[Start of Attachment]













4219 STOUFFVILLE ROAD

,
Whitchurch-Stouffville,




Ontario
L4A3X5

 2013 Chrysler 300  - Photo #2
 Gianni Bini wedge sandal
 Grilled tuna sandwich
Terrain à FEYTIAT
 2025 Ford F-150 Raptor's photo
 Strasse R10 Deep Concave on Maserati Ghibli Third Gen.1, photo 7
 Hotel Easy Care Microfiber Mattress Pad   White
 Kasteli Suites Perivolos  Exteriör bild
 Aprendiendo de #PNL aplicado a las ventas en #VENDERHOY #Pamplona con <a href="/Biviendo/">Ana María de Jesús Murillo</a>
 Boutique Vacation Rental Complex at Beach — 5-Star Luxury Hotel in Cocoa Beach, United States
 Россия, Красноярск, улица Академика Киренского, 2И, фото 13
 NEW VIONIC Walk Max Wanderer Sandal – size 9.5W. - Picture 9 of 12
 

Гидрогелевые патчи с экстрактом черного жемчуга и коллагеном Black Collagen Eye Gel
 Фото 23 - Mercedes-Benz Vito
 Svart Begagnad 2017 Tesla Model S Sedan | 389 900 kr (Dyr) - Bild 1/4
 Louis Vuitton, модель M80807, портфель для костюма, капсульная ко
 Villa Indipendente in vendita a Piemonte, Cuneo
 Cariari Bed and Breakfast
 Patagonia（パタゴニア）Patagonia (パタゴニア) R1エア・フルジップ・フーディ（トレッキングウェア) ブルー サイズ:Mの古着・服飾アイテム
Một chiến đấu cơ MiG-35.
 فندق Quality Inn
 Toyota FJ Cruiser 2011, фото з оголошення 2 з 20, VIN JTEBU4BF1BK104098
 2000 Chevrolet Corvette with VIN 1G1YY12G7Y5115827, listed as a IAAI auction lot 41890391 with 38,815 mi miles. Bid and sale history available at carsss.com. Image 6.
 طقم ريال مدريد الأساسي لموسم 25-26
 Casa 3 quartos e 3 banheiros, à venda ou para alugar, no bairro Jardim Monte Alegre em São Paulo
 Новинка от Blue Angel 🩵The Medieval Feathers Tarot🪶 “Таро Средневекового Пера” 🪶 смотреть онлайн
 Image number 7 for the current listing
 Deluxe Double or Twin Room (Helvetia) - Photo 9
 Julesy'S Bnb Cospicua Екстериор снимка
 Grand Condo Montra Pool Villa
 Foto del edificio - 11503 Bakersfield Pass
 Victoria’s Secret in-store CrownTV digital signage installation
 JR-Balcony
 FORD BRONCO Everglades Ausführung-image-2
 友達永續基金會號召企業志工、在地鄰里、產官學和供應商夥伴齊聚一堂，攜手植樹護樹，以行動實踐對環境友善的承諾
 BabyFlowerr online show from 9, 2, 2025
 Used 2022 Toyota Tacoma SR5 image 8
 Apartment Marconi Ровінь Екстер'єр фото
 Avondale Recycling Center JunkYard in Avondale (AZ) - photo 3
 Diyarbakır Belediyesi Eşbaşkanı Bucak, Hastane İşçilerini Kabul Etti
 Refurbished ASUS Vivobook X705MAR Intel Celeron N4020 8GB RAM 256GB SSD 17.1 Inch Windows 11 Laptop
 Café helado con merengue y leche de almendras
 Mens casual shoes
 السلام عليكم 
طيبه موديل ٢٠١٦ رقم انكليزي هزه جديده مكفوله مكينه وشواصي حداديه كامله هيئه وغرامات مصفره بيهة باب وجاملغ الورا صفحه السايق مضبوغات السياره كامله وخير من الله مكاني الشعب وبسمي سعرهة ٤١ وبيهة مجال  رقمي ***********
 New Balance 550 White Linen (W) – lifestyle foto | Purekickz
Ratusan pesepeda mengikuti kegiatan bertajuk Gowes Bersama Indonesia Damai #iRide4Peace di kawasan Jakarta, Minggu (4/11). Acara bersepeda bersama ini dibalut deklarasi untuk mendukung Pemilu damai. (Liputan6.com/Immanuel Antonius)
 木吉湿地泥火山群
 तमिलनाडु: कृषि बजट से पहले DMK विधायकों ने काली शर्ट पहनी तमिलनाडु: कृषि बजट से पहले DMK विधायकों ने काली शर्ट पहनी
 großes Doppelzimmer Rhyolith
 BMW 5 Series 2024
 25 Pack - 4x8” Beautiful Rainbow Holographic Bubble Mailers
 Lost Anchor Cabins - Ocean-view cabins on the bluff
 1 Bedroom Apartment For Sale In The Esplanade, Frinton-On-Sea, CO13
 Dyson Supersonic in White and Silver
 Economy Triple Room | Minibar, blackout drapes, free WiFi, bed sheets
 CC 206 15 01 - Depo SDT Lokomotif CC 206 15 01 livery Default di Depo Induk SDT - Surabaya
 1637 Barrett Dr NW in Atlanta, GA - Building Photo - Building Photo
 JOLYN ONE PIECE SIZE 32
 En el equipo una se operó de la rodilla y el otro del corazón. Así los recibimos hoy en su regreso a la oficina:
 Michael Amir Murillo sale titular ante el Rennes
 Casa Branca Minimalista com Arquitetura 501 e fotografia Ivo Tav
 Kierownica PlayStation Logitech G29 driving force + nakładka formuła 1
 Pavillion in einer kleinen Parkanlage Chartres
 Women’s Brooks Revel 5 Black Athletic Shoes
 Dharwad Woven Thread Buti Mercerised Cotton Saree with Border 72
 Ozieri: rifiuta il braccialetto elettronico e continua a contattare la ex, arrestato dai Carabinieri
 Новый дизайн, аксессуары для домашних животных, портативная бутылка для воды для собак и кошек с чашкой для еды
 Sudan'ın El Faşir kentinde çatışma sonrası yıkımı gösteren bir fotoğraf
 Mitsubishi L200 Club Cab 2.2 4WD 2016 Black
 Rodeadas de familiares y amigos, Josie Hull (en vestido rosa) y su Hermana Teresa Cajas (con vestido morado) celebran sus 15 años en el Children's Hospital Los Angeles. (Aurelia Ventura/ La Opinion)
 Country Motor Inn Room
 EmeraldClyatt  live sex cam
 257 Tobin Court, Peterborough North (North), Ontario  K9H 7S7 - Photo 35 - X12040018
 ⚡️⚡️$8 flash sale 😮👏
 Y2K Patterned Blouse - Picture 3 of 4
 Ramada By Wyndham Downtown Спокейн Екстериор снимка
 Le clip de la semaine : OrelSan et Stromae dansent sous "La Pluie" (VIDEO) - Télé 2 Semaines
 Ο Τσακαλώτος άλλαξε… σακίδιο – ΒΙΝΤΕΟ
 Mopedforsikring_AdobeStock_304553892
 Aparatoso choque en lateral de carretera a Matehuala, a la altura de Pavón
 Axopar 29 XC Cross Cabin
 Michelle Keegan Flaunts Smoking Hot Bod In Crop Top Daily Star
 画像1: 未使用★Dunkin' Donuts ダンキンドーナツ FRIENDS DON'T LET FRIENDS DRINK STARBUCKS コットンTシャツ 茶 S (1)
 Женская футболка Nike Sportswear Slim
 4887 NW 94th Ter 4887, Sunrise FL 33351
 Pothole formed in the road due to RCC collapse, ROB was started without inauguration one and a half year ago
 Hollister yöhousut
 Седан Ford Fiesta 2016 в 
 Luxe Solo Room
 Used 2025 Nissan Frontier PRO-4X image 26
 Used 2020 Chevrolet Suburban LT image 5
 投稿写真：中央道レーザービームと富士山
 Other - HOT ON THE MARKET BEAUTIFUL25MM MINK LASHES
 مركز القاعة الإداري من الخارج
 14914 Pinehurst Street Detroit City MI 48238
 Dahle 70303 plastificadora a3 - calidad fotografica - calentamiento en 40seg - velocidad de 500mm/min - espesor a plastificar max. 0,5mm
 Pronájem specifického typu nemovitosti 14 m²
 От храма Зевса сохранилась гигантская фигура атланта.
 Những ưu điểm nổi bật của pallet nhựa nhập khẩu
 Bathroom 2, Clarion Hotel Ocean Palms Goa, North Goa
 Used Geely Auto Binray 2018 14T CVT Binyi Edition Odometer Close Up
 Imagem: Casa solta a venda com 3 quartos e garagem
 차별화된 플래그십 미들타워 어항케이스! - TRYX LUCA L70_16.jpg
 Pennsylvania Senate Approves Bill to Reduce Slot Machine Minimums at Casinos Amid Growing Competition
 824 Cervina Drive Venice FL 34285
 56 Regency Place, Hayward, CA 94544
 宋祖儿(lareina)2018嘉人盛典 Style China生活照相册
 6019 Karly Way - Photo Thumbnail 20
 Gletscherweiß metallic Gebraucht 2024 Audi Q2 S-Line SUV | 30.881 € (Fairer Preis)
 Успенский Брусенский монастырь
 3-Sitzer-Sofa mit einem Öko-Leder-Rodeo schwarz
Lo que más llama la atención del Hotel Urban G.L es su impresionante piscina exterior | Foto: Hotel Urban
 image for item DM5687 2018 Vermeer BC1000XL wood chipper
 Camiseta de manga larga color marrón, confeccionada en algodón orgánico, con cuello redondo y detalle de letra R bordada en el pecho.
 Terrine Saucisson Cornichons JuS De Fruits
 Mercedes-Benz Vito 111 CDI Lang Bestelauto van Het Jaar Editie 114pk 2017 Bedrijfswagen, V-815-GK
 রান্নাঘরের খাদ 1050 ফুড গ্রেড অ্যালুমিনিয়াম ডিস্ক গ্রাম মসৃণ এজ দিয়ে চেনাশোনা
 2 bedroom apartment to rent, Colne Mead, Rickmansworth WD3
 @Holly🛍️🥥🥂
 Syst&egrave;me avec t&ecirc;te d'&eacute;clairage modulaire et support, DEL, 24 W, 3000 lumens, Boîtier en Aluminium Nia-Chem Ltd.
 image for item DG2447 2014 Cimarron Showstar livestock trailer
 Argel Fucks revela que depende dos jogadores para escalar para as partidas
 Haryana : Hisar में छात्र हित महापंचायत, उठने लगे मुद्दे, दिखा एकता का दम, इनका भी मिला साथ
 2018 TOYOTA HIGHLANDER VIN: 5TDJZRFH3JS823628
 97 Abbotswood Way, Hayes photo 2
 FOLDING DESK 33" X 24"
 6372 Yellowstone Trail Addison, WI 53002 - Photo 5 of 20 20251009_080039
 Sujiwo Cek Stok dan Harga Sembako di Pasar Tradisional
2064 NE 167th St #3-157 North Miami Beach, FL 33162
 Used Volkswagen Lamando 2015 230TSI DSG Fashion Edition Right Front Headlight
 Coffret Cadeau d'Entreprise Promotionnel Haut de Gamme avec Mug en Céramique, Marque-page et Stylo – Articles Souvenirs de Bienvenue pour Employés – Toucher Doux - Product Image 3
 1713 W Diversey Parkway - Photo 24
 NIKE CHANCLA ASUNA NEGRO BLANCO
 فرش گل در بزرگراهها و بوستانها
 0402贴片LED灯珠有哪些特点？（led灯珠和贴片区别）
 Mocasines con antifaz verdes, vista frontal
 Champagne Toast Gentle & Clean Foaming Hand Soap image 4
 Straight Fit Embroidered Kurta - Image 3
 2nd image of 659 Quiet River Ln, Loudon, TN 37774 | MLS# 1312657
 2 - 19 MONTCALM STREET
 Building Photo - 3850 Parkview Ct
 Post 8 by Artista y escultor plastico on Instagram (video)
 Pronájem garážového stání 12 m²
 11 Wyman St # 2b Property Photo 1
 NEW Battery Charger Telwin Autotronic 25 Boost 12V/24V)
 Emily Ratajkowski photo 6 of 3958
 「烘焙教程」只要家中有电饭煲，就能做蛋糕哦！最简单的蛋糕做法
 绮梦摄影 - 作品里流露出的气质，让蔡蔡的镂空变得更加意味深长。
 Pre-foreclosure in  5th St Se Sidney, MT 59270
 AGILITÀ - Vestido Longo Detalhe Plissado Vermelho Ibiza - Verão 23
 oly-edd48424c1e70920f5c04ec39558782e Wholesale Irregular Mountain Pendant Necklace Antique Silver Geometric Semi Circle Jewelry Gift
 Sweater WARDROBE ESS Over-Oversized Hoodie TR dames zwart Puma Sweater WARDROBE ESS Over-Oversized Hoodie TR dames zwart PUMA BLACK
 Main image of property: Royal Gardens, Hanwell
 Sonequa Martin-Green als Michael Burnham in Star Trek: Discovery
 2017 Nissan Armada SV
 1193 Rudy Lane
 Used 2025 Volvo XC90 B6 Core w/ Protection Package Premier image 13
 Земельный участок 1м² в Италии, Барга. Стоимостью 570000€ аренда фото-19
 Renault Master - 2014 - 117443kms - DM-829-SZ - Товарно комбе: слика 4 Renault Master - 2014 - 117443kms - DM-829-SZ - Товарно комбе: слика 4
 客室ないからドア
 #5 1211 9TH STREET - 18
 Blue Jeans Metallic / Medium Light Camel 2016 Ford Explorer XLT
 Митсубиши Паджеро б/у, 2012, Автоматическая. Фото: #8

[End of Attachment]

YOUR ASSIGNMENT
Nothing but the lines holding the word "Michael" should be returned from the listing above.

SOLVED EXERCISE
 Michael Amir Murillo sale titular ante el Rennes
 Sonequa Martin-Green als Michael Burnham in Star Trek: Discovery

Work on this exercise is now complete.